Récemment labouré, fais fuir quelques lapins, siffle

Un renard aux abords d’un poulailler, c’est Pâques, c’est cadeau,

J’atteins rapidement l’orée du bois, le ciel est immense

Je renoue mes lacets, adossé au vieux chêne asphyxié

Par le lierre qui se nourrit de sa faiblesse, serpent végétal,

A deux cents mètres mon logis, immobile dans la nuit,

Agréable cachot qui depuis quelques semaines empêche

Toute sortie. Je suis dehors, ni vu ni connu.
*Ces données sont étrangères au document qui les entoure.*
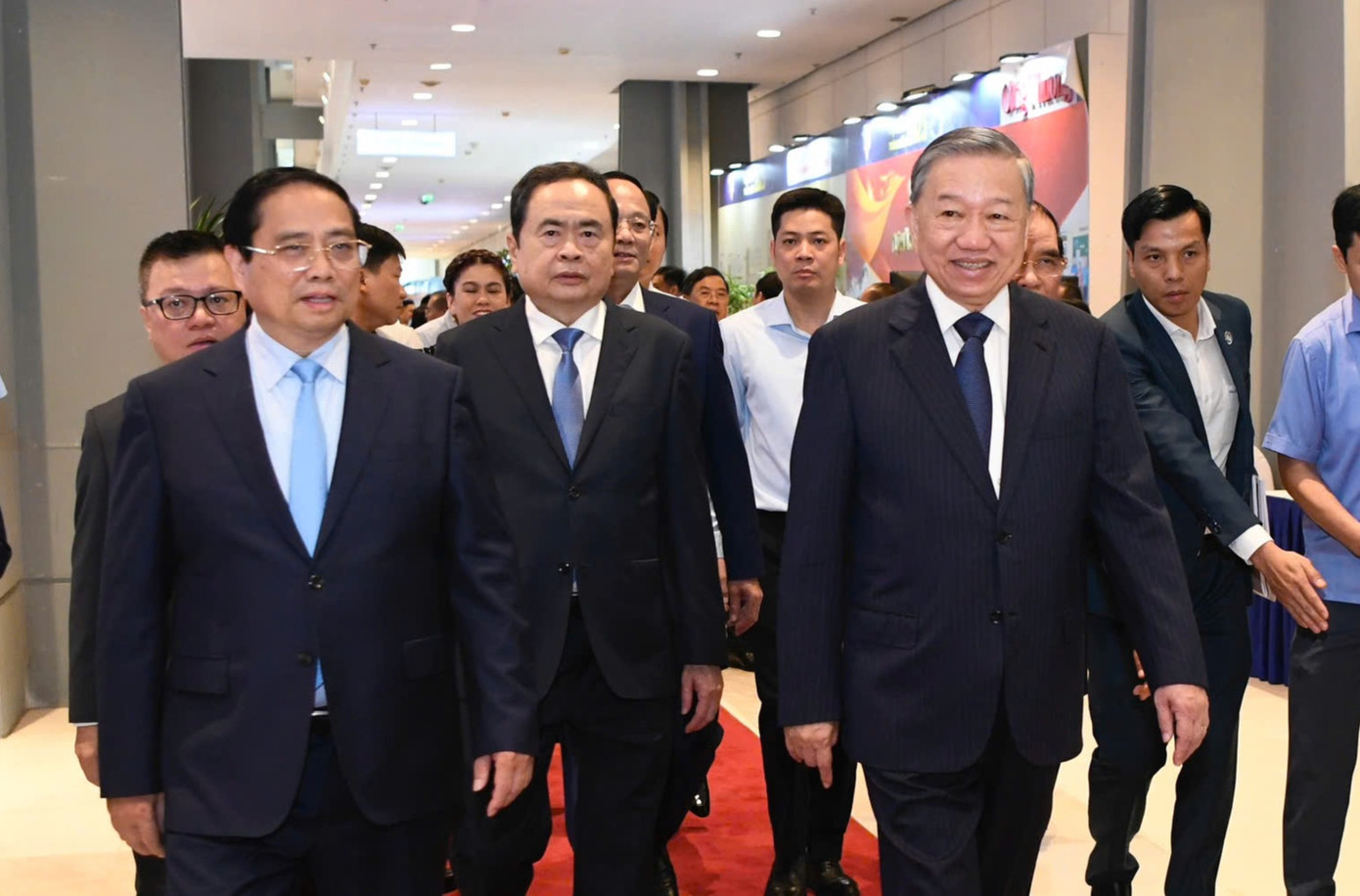 Tổng Bí thư Tô Lâm và các đồng chí lãnh đạo, nguyên lãnh đạo Đảng, Nhà nước dự Lễ kỷ niệm 100 năm Ngày Báo chí Cách mạng Việt Nam. Ảnh: Như Ý.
La nature sent

L’herbe, la brise de printemps, la terre retournée

Brune en profondeur, claire en surface, prête pour les semis,

Les paysans révisent leurs outils de labours dans les hangars

Personne ne songera que la nuit est remplie d’étincelles

Le bois bruisse sous le vent, des animaux s’appellent

Un cerf fracasse de ses sabots les branches mortes

De son adversaire tombé à terre. Les feuilles poussent

Qui s’exposeront pour l’été, grand spectacle annuel,

Sous le climat surchauffé et le chahut du monde à cran

La Nature ne bronche pas, les animaux peu à peu

Comme des millions d’exclus se réapproprient la ville,

Singes, ours, tigres, baleines de parapluies, souris, cafards

Dans l’ombre ils se déploient et leurs rires enfantent

Des beautés et des joies que l’homme avait perdues

Mais il me faut rentrer, dans cette nuit féodale,

Regagner mon cachot et la misère humaine

Avant l’aube, avant que les gendarmes frappent à ma porte

Me demandent : on a retrouvé du lierre sur les passants

De vos chaussures, montrez-nous votre dérogation de sortie,

Monsieur.

10 04 2020

AK

(les paroles de la chanson du velvet pour les non anglophones comme moi sont ici)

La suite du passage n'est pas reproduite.